■ Work to complete ■
The whole listing below should be retyped exactly, without any images.

■ Data listing ■
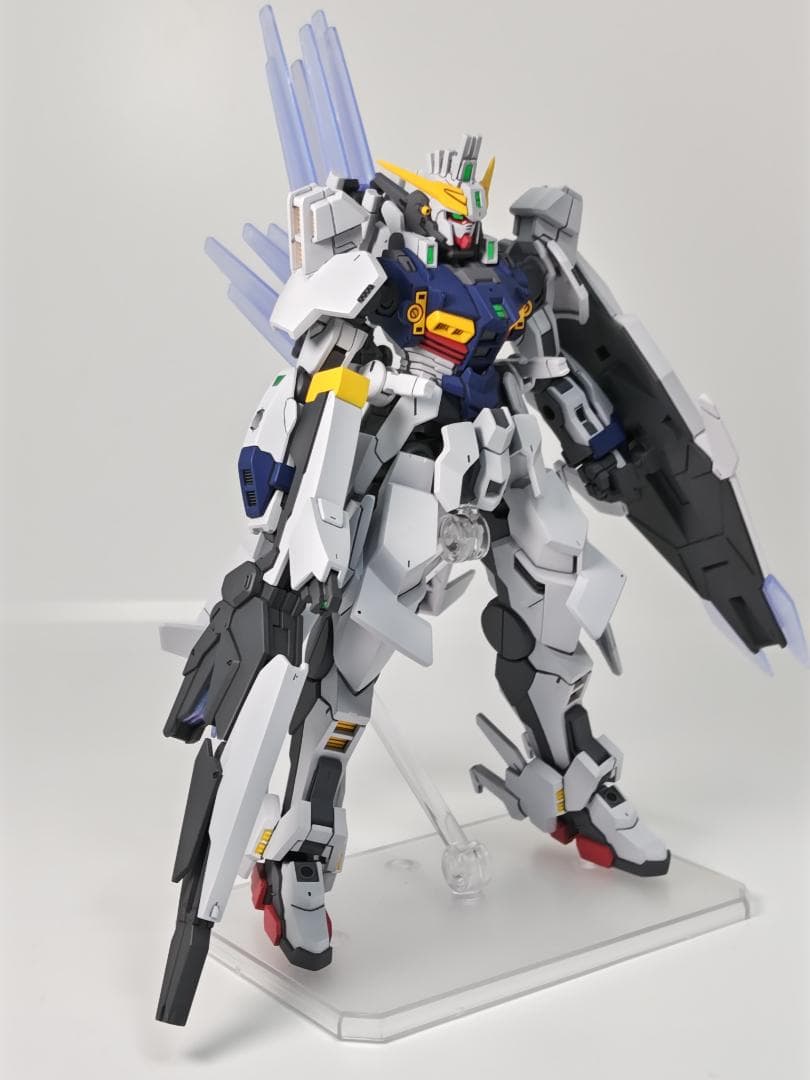 ガンプラ　HGガンダムジリウス　完成品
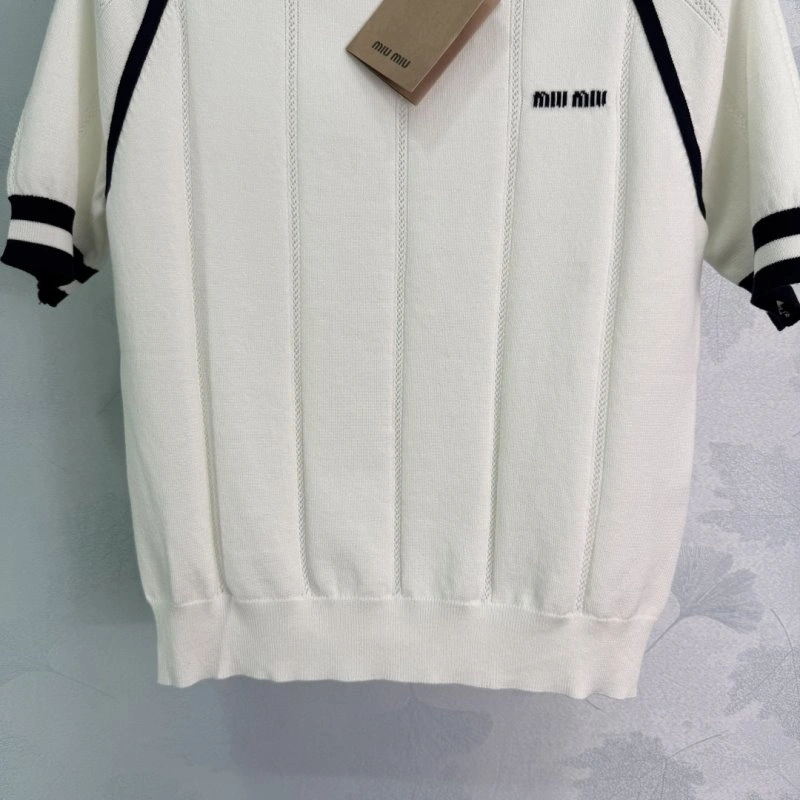 Miu Miu T-Shirts Contemporary 152975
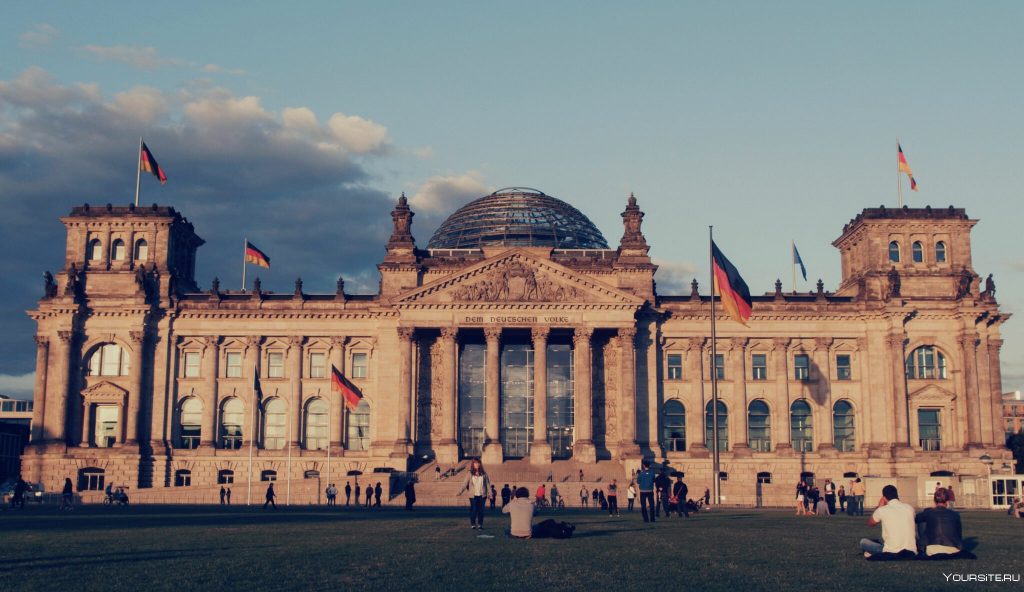 Almanya Seyahati Berlin Reichstag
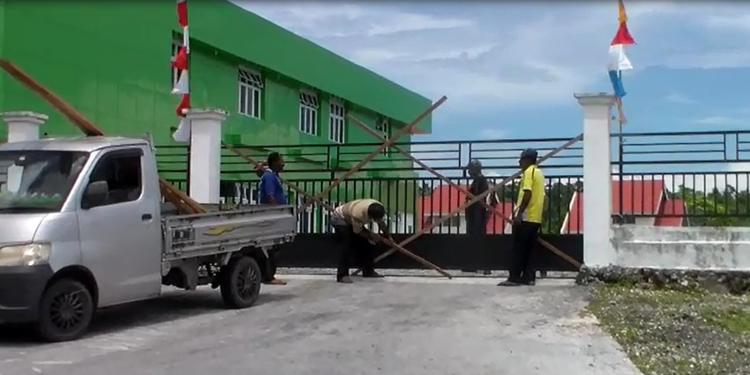 Tuntut Ganti Rugi Pembayaran Tanah Adat, Puskesmas Bosnik Dipalang Warga
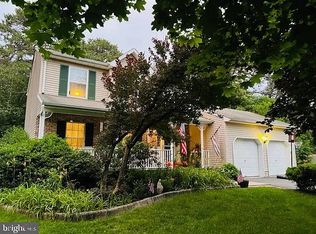 1 Marybeth Ct, Jackson, NJ 08527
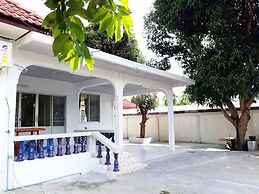 Mae Rampung Beach House 2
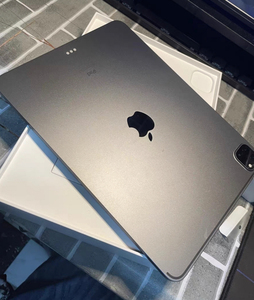 二手ipad pro2020平板深空灰,银色128g插卡 w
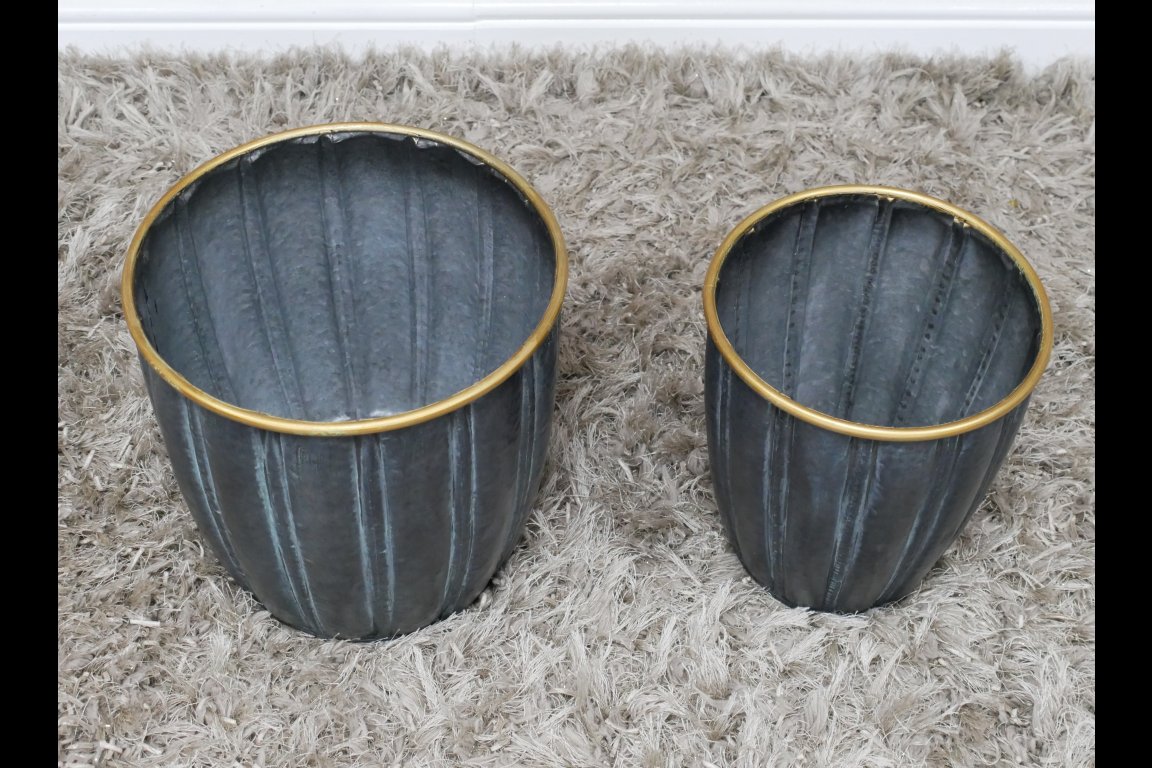 Set Of 2 Planters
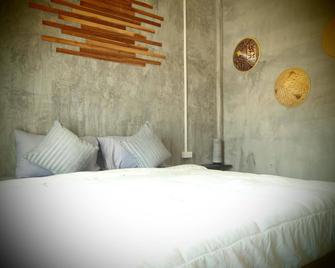 Maesai Holic Lodge - Mae Sai - Habitación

■ Completed exercise ■
 ガンプラ　HGガンダムジリウス　完成品
 Miu Miu T-Shirts Contemporary 152975
 Almanya Seyahati Berlin Reichstag
 Tuntut Ganti Rugi Pembayaran Tanah Adat, Puskesmas Bosnik Dipalang Warga
 1 Marybeth Ct, Jackson, NJ 08527
 Mae Rampung Beach House 2
 二手ipad pro2020平板深空灰,银色128g插卡 w
 Set Of 2 Planters
 Maesai Holic Lodge - Mae Sai - Habitación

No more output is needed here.